Верил, что человек не должен жить один. Верил в жизнь в доме Скууга. Поздними вечерами мы слушали музыку,
Эйрик качает головой.
— Марианне не была ясновидящей. Сигрюн тоже не ясновидящая. Судя по рассказам Сигрюн, я понял, что Марианне была для нее образцом. Но она не смела признаться в этом ни себе, ни мне. Марианне никогда ничего не делала наполовину. И Сигрюн тоже.
Я не уверен, что мне хочется продолжать этот разговор.
— Они были так похожи друг на друга, — серьезно говорит Эйрик.
— Да.

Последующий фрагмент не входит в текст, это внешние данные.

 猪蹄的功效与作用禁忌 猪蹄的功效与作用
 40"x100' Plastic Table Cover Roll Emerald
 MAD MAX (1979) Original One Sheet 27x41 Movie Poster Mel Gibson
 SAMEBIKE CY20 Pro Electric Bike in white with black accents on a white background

В определенном смысле.
— Поэтому я боюсь ее потерять.
— Каким образом ты можешь ее потерять?
Он разводит руками:
— Таким же, каким ты потерял Марианне. Если человек добровольно предпочитает смерть жизни, это страшно и необратимо. И нам никогда не понять, почемуон это сделал. Ведь так?
Я пожимаю плечами. Мне теперь легче говорить о Марианне и ее самоубийстве. Это вошло в историю моей жизни. Независимо от того, от чего бежала или к чему стремилась Марианне, она навсегда вошла в мою жизнь.
Эта мысль придает мне силы.
— Я знаю, о чем тебе хочется спросить у меня. Тебе интересно, почему Марианне повесилась.
— Ну, не так прямо, — смущенно говорит Эйрик.
— А почему? Что нам скрывать друг от друга? Я не знаю, почему Марианне повесилась. Не знаю, что творилось у нее в голове в последние дни. Может быть, в глубине души я страшно зол на нее за то, что она ломала комедию, за то, что у меня не было возможности поговорить с нею о том, что она задумала сделать. Может быть, она считала, что не обязана ни перед кем отчитываться. Даже перед своим еще не родившимся ребенком.
— Незадолго до этого она потеряла дочь. И мужа. Смерть Брура Скууга так и осталась для всех тайной. Ведь так? — Эйрик испытующе на меня смотрит.
Я мотаю головой.
— Думаю, я знаю, почему он покончил с собой. Несчастная любовь. Или острое помешательство. Между тем, как он узнал, что Марианне ему неверна, и, спустившись в подвал, вышиб себе мозги, прошло всего несколько минут. Так говорила Марианне.
— Ты уверен, что все так просто?
— Что ты имеешь в виду?
— Думаю, что все время было еще что-то. Неверность Марианне только спровоцировала действие, но не явилась его причиной.
— И что это могло бы быть?
— Его отношение к дочери. К Ане. Чувство вины. Ведь она буквально увяла у него на руках.
— Нам ничего не известно, буквально или не буквально. Я имею в виду его руки. Ты хорошо знал Брура Скууга?
— Почти не знал. Мы встречались на скучных семейных торжествах. Он во всем был безупречен. Лучшая марка автомобиля. Дорогие кожаные брюки. И вместе с тем он был очень закрытым человеком. Ты, например, помнишь, чтобы он смеялся?